# PROBLEM STATEMENT:
Every record below needs to be written out exactly, apart from the pictures.

# Saved data entries:
● ● ● ● ●

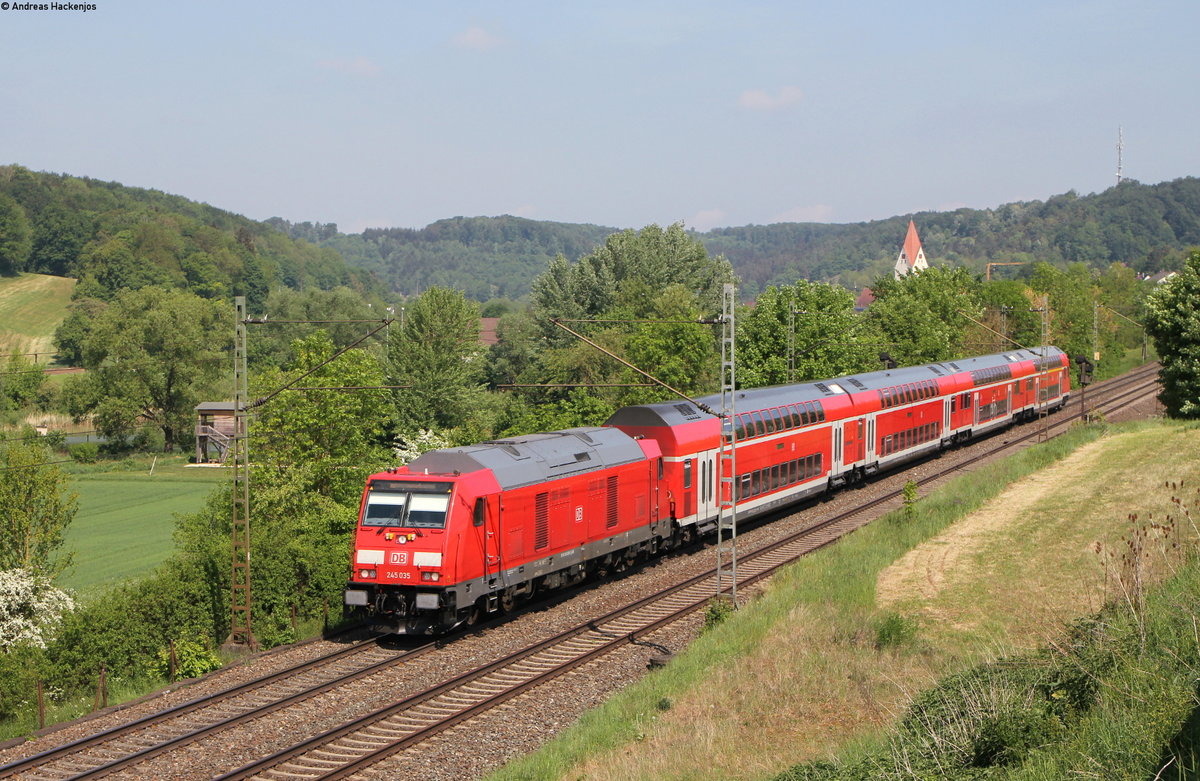 245 035 mit dem IRE 4213 (Stuttgart Hbf-Lindau Hbf) bei Lonsee 12.5.18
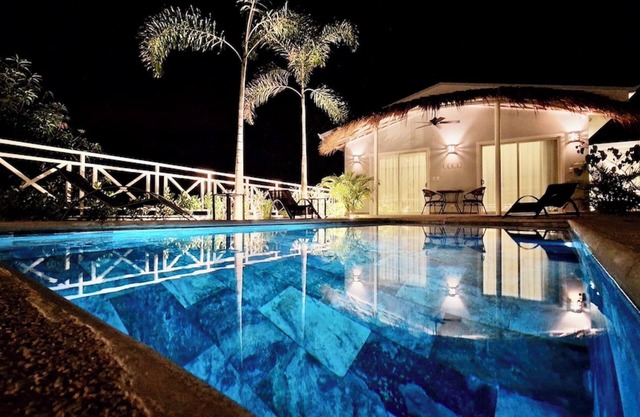 Lodge 5 minutes from the Beaches/City Center overlooking the Jungle Ocean View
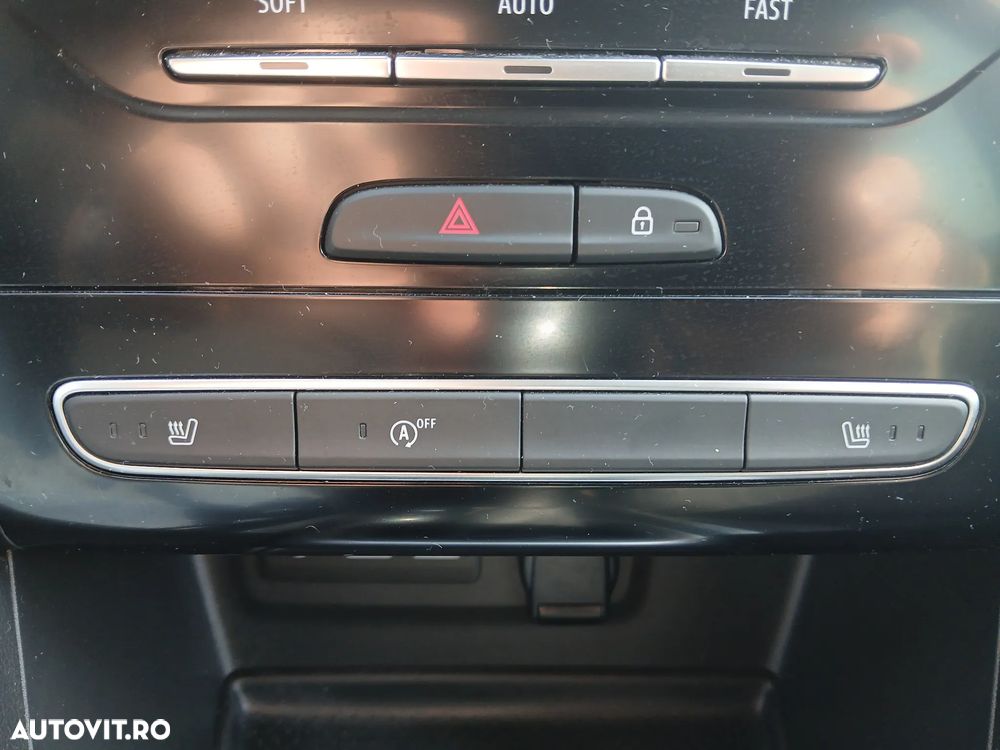 Renault Megane TCe 140 GPF Techno - 7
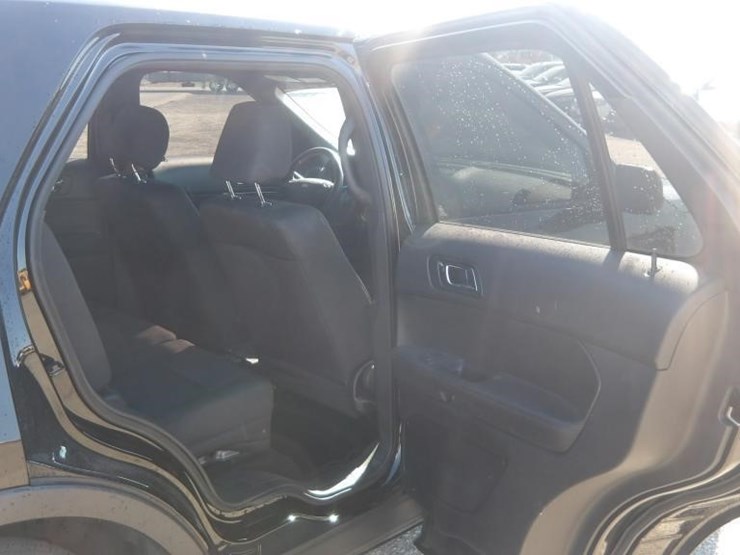 2018-ford-explorer-image-12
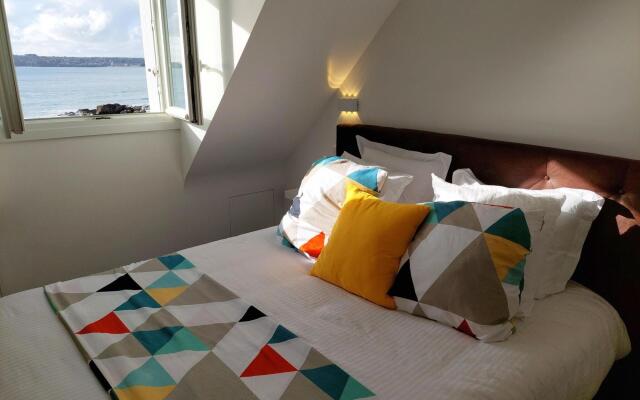 180° panoramic sea view, direct beach location, Locmaria-Plouzané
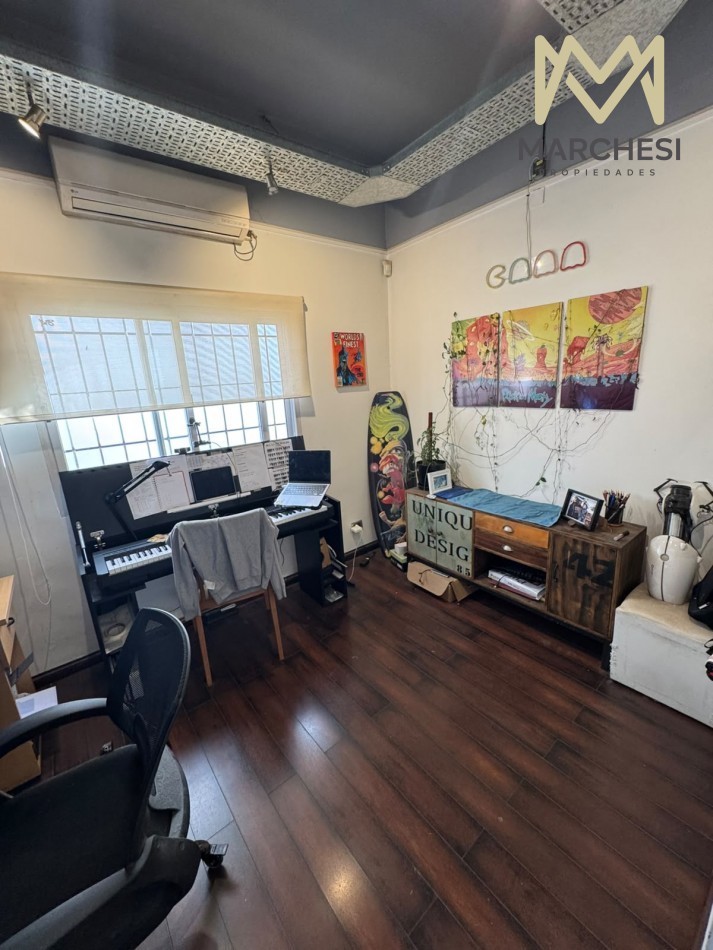 Venta casa con jardin, pileta y garage en Quilmes 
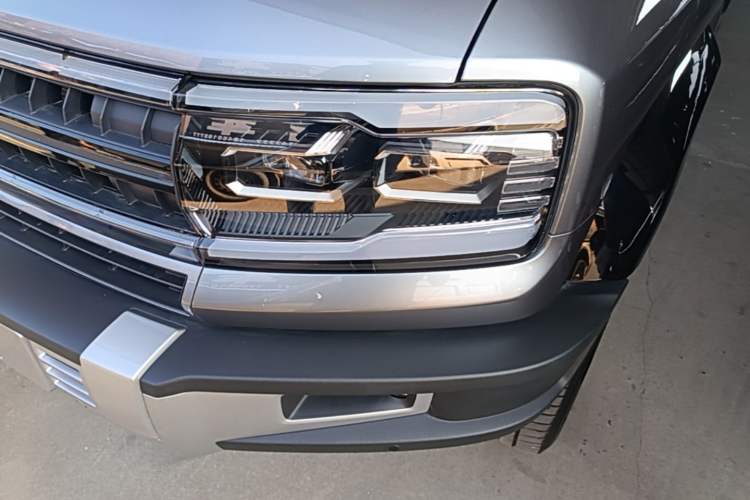 Used Formula Leopard 5 2023 Navigator Edition Left Front Headlight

● ● ● ● ●

# EXERCISE RESPONSE:
 245 035 mit dem IRE 4213 (Stuttgart Hbf-Lindau Hbf) bei Lonsee 12.5.18
 Lodge 5 minutes from the Beaches/City Center overlooking the Jungle Ocean View
 Renault Megane TCe 140 GPF Techno - 7
 2018-ford-explorer-image-12
 180° panoramic sea view, direct beach location, Locmaria-Plouzané
 Venta casa con jardin, pileta y garage en Quilmes 
 Used Formula Leopard 5 2023 Navigator Edition Left Front Headlight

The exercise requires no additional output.